Suppose that a single evaluation of a block-cipher (DES or AES) takes 10 operations, and the computer can do $10^{15}$ such operations per second.
How long would it take for to recover a DES key, using a brute-force search? How about a 128-bit AES key?
Assume that 1 evaluation of {DES, AES} takes 10 operations, and we can perform $10^{15}$ operations per second. Trivially, that means we can evaluate $10^{14}$, or about $2^{46.5}$ {DES, AES} encryptions per second. This is a simplistic view: we are ignoring here the cost of testing whether we found the correct key, and the key schedule cost.
So on our hypothetical machine, a 56-bit DES key would take, on average, $2^{55}/2^{46.5} = 2^{8.5} \approx 362$ seconds to find.

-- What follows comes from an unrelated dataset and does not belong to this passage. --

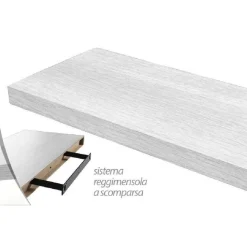 MENSOLA PARETE LEGNO REGGIMENSOLA SCOMPARSA BIANCO 40X25X4CM KIT MONTAGGIO 790775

Similarly, a 128-bit AES key would take $2^{127}/2^{46.5} = 2^{80.5}$ seconds $\approx 2^{55}$ (or approximately $36$ quadrillion) years to find.
You can look at the time taken by the 3 DES Challenges :
Source: http://cs-exhibitions.uni-klu.ac.at/index.php?id=263
It depends on the implementation. I just cracked one in about five minutes using Task Manager and a hex editor. It was a commonly used public domain implementation, but free (so probably not a good example). Just took a dump of the process after it ran and searched it for my key. Looked for associate memory fragments surrounding the key. Now I can find the key for anyone running that implementation. Buy a good program that does not do a sloppy implementation.